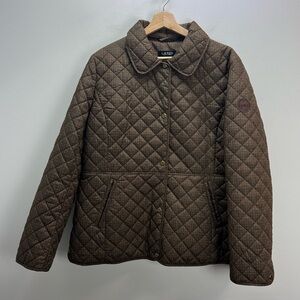 Lauren Ralph Lauren Houndstooth Diamond Quilted Puffer Jacket Womens XL Preppy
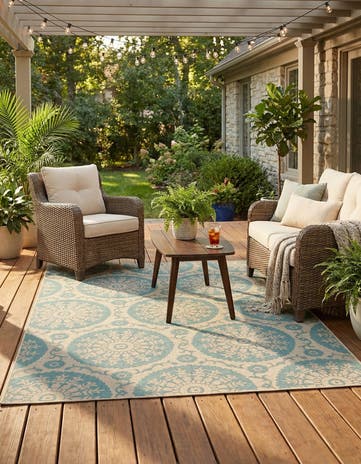 9' x 12' 2 Easy-Clean Botanical Indoor / Outdoor Rug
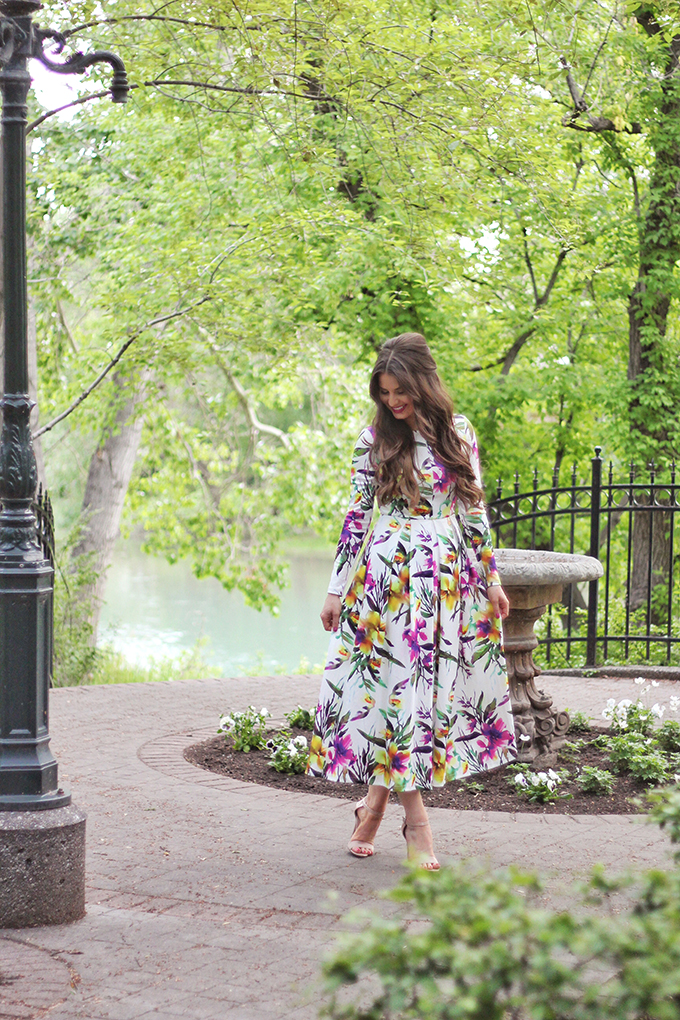 What to Wear to a Spring Wedding | SheIn Muiticolour Long Sleeve Flowery Floral Pastel Dress // JustineCelina.com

* * *

> _PROBLEM STATEMENT_: Line by line, return the listing above exactly, dropping every picture.

> _TASK RESPONSE_:
 Lauren Ralph Lauren Houndstooth Diamond Quilted Puffer Jacket Womens XL Preppy
 9' x 12' 2 Easy-Clean Botanical Indoor / Outdoor Rug
 What to Wear to a Spring Wedding | SheIn Muiticolour Long Sleeve Flowery Floral Pastel Dress // JustineCelina.com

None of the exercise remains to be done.